(Material for this exercise)

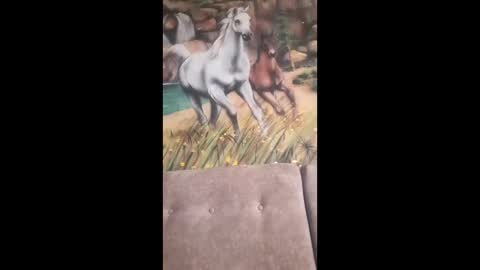 Snapshot of albina6543 chatting on 13, 2, 2026 albina online show from 13, 2, 2026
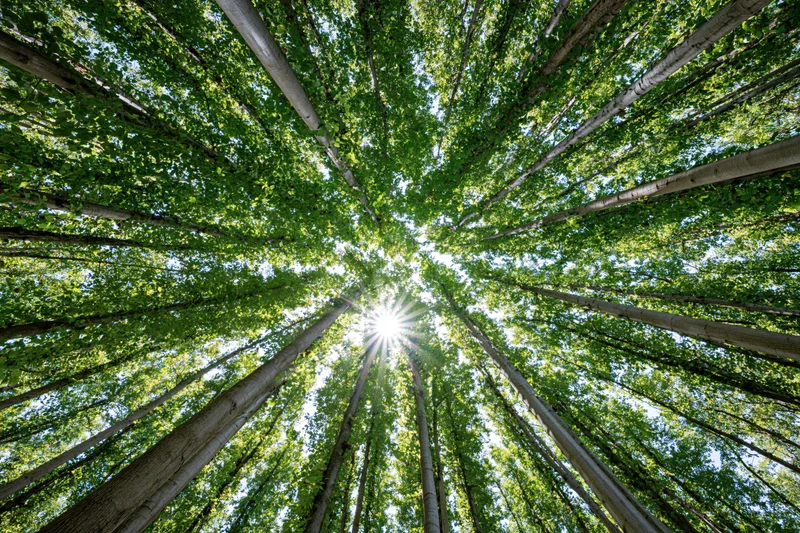 Upward view through dense forest canopy with sunlight filtering through green leaves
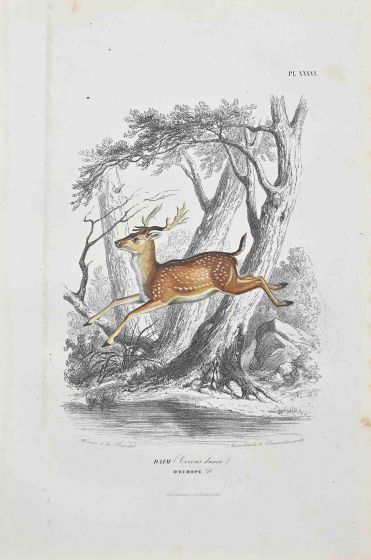 Paul Gervais - Deer - Modern Art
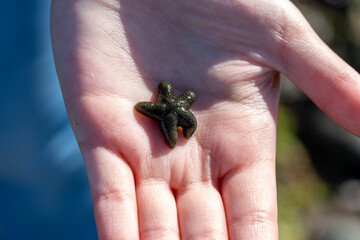 Tiny Green Starfish Held in Child's Hand at the Beach, Close-up of a Small Sea Star for Marine Biology and Nature Education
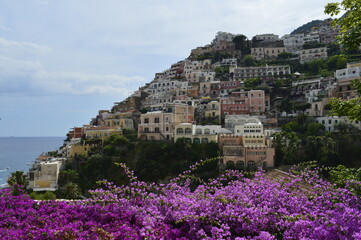 Costa da Ilha de Capri com base de flores roxas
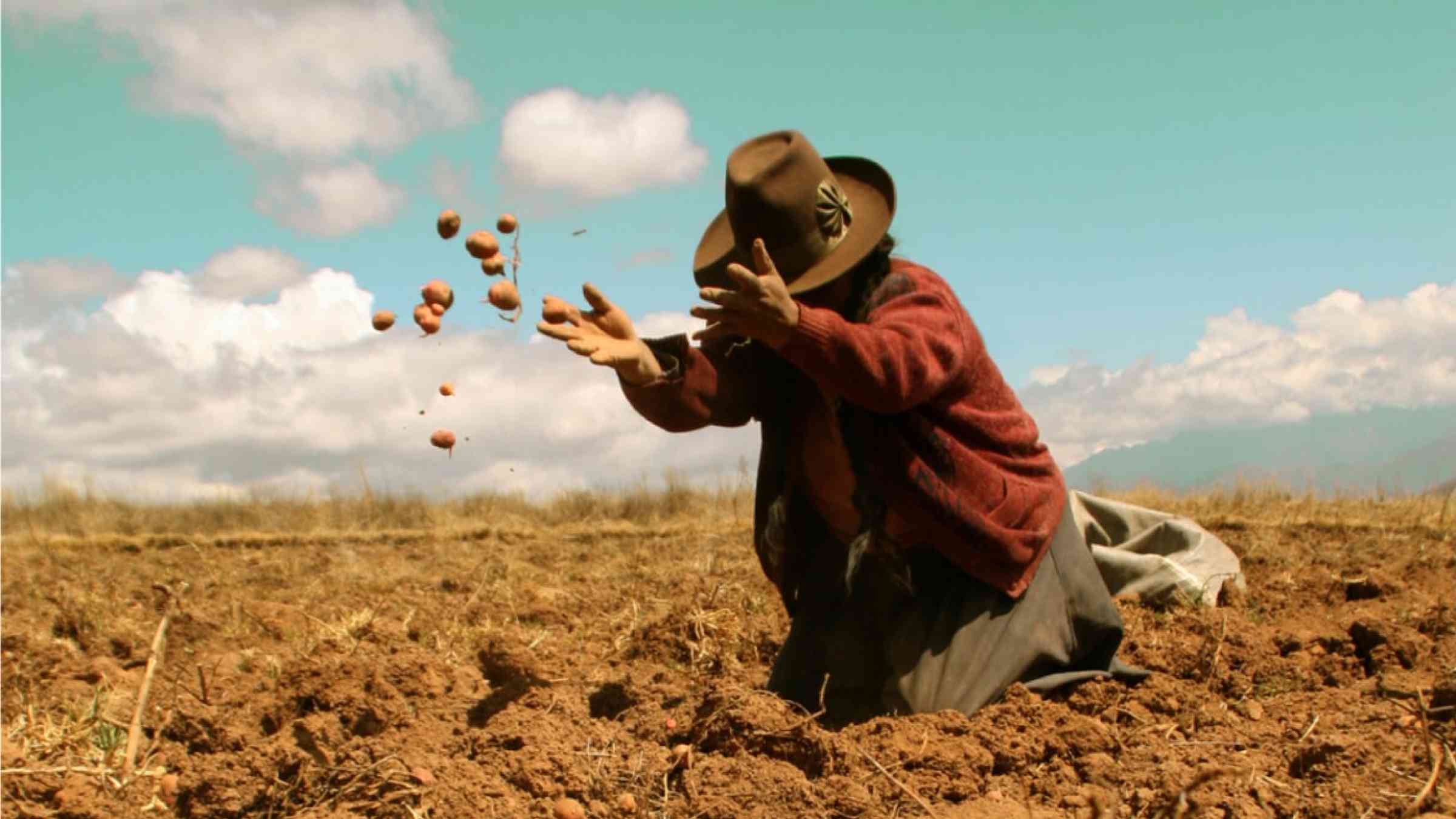 Woman in the Andes doing potato harvest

(End Material for this exercise)

Exercise objective:
Go through the entries above and output them exactly, without pictures.

The answer:
 Snapshot of albina6543 chatting on 13, 2, 2026 albina online show from 13, 2, 2026
 Upward view through dense forest canopy with sunlight filtering through green leaves
 Paul Gervais - Deer - Modern Art
 Tiny Green Starfish Held in Child's Hand at the Beach, Close-up of a Small Sea Star for Marine Biology and Nature Education
 Costa da Ilha de Capri com base de flores roxas
 Woman in the Andes doing potato harvest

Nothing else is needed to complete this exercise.